INFORMATION SUPPLIED below:

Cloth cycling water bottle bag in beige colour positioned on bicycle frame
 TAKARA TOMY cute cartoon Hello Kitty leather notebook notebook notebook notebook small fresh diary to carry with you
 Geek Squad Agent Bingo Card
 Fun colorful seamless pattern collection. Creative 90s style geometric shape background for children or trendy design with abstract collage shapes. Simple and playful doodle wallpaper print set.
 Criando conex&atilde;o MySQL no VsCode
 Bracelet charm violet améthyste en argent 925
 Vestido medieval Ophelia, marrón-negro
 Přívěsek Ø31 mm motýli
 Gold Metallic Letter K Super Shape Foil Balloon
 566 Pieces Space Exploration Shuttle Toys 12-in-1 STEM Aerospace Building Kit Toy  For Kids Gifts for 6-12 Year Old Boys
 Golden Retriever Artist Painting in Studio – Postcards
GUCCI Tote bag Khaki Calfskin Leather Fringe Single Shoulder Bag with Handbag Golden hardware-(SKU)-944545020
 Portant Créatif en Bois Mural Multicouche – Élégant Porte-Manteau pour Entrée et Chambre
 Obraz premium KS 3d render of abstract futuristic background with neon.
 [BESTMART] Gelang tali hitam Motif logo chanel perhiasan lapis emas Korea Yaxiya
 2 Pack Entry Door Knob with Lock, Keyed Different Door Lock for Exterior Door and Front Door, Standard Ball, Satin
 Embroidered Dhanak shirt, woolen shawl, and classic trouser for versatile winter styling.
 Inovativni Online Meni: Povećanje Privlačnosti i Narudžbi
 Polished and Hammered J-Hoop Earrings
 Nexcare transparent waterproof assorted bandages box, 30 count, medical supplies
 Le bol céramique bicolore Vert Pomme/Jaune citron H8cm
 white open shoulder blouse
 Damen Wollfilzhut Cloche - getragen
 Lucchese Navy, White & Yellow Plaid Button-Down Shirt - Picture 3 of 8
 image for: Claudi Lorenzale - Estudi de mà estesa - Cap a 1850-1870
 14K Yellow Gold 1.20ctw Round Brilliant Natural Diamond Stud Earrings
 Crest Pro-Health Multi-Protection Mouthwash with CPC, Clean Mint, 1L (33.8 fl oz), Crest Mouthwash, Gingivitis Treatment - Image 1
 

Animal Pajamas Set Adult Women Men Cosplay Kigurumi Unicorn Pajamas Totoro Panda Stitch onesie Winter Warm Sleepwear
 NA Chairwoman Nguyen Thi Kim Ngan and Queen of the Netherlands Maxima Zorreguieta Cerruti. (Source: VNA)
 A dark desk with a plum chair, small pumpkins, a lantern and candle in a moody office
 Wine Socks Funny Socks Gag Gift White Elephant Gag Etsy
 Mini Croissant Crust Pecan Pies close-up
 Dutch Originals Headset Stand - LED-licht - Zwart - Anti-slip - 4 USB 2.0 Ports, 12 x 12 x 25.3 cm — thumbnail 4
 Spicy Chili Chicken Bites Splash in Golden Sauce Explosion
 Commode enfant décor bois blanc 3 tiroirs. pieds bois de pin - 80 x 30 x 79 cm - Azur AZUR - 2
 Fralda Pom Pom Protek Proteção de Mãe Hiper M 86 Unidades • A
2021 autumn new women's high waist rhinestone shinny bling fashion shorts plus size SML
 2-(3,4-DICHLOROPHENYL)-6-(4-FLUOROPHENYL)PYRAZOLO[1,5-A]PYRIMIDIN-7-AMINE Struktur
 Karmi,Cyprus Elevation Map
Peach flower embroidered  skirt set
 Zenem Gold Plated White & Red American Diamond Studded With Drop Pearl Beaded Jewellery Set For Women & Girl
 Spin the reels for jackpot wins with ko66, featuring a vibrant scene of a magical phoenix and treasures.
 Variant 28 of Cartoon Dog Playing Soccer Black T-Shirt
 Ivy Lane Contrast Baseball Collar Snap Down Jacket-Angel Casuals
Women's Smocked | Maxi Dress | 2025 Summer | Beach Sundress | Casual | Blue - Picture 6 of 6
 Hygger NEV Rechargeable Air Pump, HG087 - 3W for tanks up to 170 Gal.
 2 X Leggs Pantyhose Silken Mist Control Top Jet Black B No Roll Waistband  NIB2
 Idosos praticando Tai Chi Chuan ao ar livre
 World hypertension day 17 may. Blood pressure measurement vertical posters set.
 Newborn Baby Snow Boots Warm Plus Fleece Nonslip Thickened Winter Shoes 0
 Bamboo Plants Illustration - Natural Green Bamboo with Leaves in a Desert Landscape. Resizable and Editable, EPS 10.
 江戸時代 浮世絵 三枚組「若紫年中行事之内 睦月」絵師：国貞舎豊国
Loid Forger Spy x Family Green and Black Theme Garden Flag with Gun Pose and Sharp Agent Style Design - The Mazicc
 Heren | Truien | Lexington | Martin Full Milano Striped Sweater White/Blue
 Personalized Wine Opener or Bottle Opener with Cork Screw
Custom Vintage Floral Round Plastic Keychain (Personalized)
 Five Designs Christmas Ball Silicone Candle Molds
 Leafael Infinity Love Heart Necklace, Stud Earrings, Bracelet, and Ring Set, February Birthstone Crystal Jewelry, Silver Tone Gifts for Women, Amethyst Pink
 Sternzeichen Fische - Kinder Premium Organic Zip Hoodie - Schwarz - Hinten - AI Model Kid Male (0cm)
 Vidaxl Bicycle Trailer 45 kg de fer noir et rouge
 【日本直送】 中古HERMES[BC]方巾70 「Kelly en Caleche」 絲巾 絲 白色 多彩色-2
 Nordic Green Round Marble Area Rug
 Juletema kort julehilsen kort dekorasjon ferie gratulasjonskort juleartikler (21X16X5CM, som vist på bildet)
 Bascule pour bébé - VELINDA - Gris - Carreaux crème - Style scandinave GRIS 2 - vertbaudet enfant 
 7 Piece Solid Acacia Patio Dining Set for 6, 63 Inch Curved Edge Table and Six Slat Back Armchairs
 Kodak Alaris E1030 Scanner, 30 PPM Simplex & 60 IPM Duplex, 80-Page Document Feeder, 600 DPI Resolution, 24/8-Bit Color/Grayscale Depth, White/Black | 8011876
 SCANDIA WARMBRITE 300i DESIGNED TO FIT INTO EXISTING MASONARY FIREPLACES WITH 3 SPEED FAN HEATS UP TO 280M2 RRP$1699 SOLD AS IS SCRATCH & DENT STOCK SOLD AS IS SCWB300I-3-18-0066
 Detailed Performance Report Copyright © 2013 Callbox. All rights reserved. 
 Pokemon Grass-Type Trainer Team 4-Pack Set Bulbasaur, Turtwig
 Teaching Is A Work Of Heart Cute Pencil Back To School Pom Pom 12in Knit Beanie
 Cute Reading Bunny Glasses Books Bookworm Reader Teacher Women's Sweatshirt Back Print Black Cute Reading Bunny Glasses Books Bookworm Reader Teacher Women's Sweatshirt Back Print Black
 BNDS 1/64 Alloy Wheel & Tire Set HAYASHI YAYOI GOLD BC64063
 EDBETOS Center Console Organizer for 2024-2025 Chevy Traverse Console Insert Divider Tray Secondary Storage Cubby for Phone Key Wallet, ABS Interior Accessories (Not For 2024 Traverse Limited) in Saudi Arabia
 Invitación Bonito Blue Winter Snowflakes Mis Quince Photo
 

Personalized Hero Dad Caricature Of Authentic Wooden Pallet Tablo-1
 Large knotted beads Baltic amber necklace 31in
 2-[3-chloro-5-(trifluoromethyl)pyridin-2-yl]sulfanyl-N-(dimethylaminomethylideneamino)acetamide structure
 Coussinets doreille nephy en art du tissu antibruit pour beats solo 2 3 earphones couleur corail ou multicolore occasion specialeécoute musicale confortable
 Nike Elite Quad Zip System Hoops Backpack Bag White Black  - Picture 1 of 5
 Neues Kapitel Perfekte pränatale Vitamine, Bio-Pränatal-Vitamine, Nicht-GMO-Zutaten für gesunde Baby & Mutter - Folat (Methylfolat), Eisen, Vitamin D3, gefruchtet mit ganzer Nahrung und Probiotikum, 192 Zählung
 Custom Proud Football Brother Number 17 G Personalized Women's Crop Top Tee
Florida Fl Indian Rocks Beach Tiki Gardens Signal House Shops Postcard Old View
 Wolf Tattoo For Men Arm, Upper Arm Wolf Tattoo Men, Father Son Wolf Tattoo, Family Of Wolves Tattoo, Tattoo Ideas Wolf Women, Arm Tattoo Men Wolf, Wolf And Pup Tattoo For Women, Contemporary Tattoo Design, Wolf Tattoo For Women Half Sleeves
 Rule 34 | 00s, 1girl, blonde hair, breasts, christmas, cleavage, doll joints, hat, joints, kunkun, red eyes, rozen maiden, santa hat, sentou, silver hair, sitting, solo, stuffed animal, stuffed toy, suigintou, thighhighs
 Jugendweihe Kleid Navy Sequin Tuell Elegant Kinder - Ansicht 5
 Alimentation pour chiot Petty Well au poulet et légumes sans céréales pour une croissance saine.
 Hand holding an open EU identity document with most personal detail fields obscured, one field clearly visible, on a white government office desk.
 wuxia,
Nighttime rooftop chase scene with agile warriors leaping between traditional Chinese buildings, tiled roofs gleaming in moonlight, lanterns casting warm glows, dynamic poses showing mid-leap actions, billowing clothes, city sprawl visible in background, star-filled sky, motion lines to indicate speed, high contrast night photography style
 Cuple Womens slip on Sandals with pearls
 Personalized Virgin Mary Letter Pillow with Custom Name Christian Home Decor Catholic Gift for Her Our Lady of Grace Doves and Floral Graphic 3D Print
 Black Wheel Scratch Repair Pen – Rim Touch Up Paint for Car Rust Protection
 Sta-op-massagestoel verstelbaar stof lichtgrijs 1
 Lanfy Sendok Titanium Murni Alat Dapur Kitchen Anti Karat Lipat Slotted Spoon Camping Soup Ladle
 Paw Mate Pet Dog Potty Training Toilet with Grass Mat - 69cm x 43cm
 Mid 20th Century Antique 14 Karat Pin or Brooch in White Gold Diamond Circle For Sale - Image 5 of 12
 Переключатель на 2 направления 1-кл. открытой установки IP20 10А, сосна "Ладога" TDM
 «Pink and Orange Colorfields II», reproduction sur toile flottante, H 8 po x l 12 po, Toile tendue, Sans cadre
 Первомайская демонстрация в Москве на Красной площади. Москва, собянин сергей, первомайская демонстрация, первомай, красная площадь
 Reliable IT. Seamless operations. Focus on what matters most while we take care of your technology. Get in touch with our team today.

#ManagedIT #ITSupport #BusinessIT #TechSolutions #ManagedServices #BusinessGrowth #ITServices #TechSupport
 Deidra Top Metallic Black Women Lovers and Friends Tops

End of INFORMATION SUPPLIED.

Take the line that contains "Lanfy Sendok Titanium" and every line after it to the end of the entries above, and reproduce them exactly.

 Lanfy Sendok Titanium Murni Alat Dapur Kitchen Anti Karat Lipat Slotted Spoon Camping Soup Ladle
 Paw Mate Pet Dog Potty Training Toilet with Grass Mat - 69cm x 43cm
 Mid 20th Century Antique 14 Karat Pin or Brooch in White Gold Diamond Circle For Sale - Image 5 of 12
 Переключатель на 2 направления 1-кл. открытой установки IP20 10А, сосна "Ладога" TDM
 «Pink and Orange Colorfields II», reproduction sur toile flottante, H 8 po x l 12 po, Toile tendue, Sans cadre
 Первомайская демонстрация в Москве на Красной площади. Москва, собянин сергей, первомайская демонстрация, первомай, красная площадь
 Reliable IT. Seamless operations. Focus on what matters most while we take care of your technology. Get in touch with our team today.

#ManagedIT #ITSupport #BusinessIT #TechSolutions #ManagedServices #BusinessGrowth #ITServices #TechSupport
 Deidra Top Metallic Black Women Lovers and Friends Tops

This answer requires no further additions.